■ Material to process
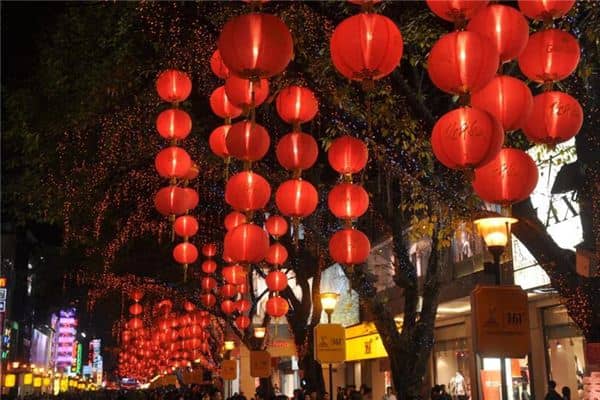 梦见红灯笼是什么意思 梦见红灯笼是什么意思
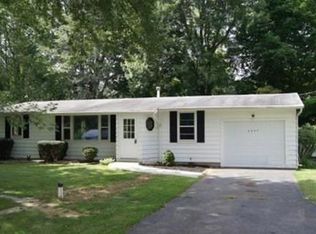 2257 S Lake Sharon Rd, Warsaw, IN 46580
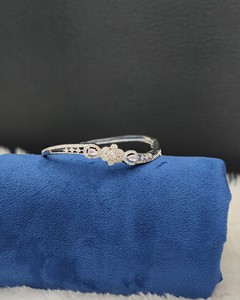 Bracelet ouvrable pour femme, serti de diamants américains étincelants, idéal pour les réceptions et les soirées, fabriqué par Flower Center Pave. - Product Image 3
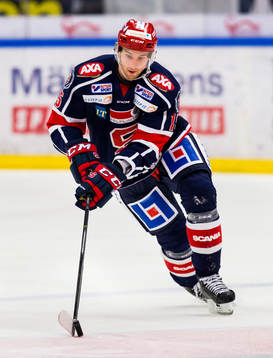Södertäljes Pär Edblom med pucken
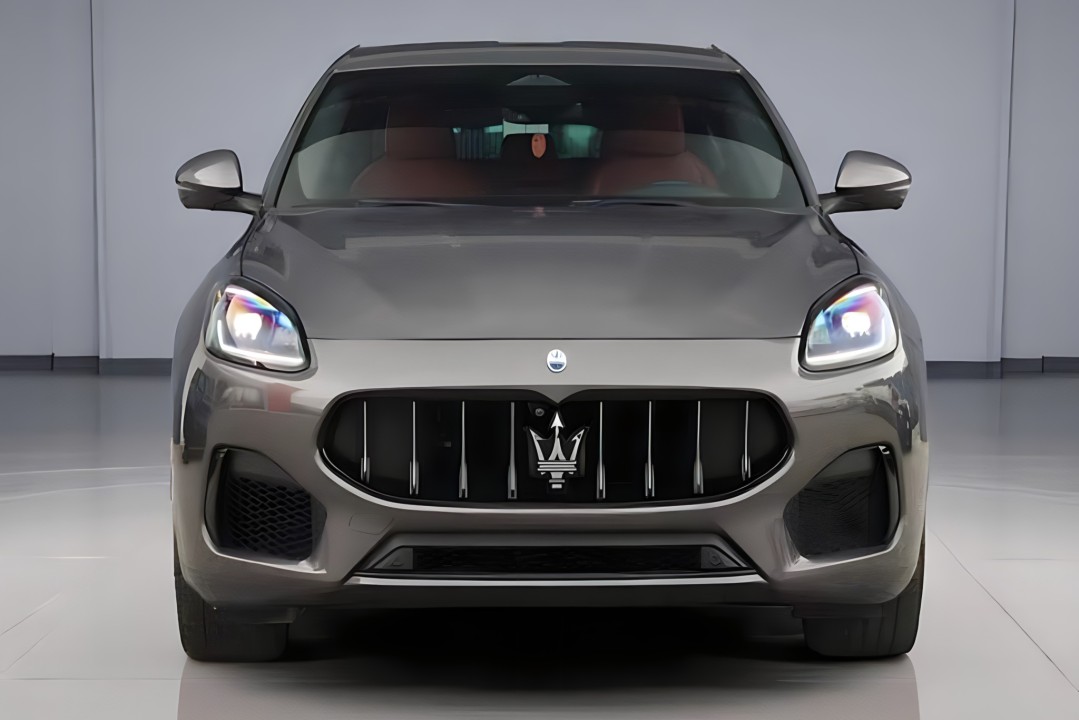 Maserati Grecale (2)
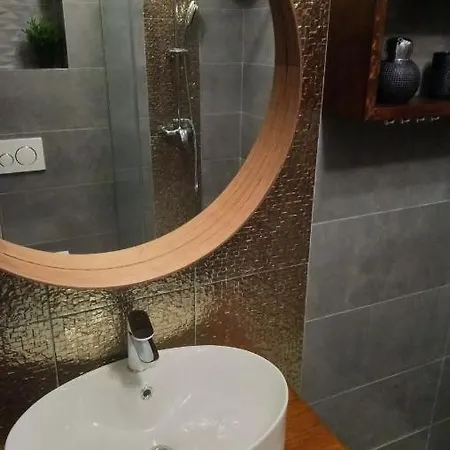 Symphony Garden: Modern, New Split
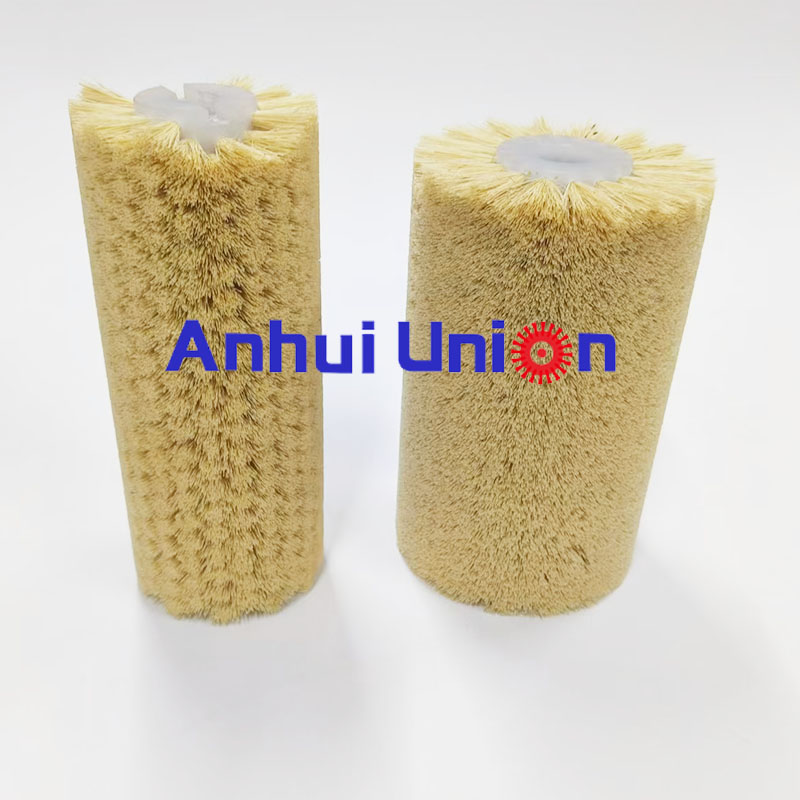 Tampico Roller Brush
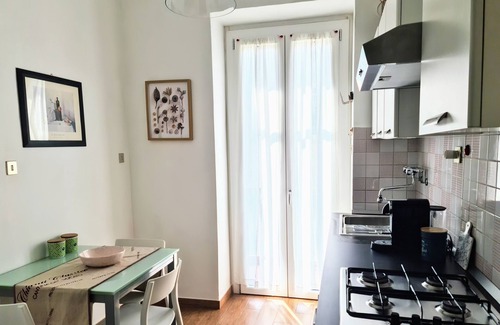 Parella Apartamento | Relax in this quiet space just a stone's throw from Tesoriera Park.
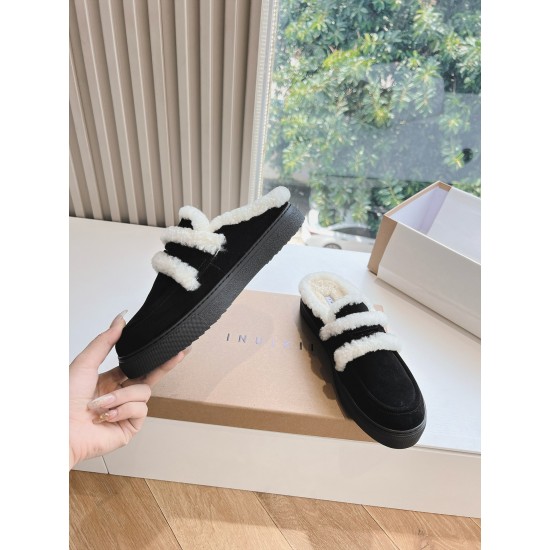 Inuikii Slippers Collection
Women 35-40
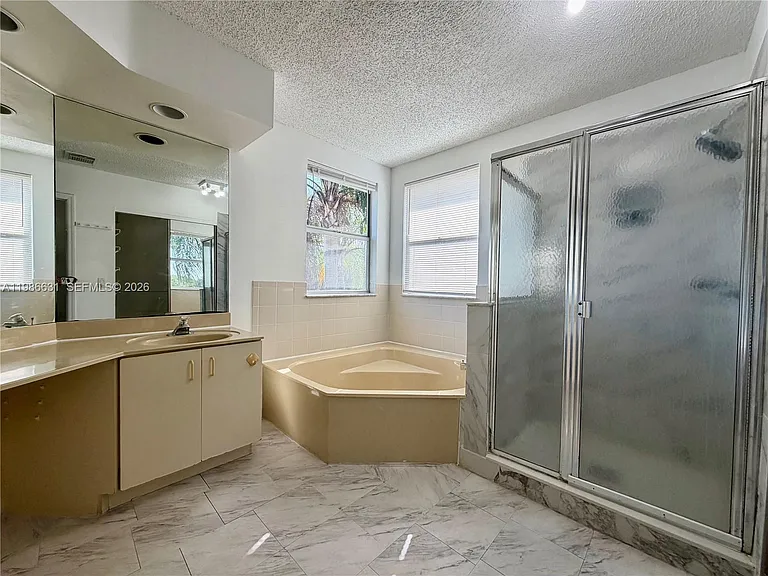 12619 NW 11th Pl — Photo 58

■ Exercise
What you give back must match the material above exactly, minus its pictures.

■ Solution for this exercise
 梦见红灯笼是什么意思 梦见红灯笼是什么意思
 2257 S Lake Sharon Rd, Warsaw, IN 46580
 Bracelet ouvrable pour femme, serti de diamants américains étincelants, idéal pour les réceptions et les soirées, fabriqué par Flower Center Pave. - Product Image 3
Södertäljes Pär Edblom med pucken
 Maserati Grecale (2)
 Symphony Garden: Modern, New Split
 Tampico Roller Brush
 Parella Apartamento | Relax in this quiet space just a stone's throw from Tesoriera Park.
 Inuikii Slippers Collection
Women 35-40
 12619 NW 11th Pl — Photo 58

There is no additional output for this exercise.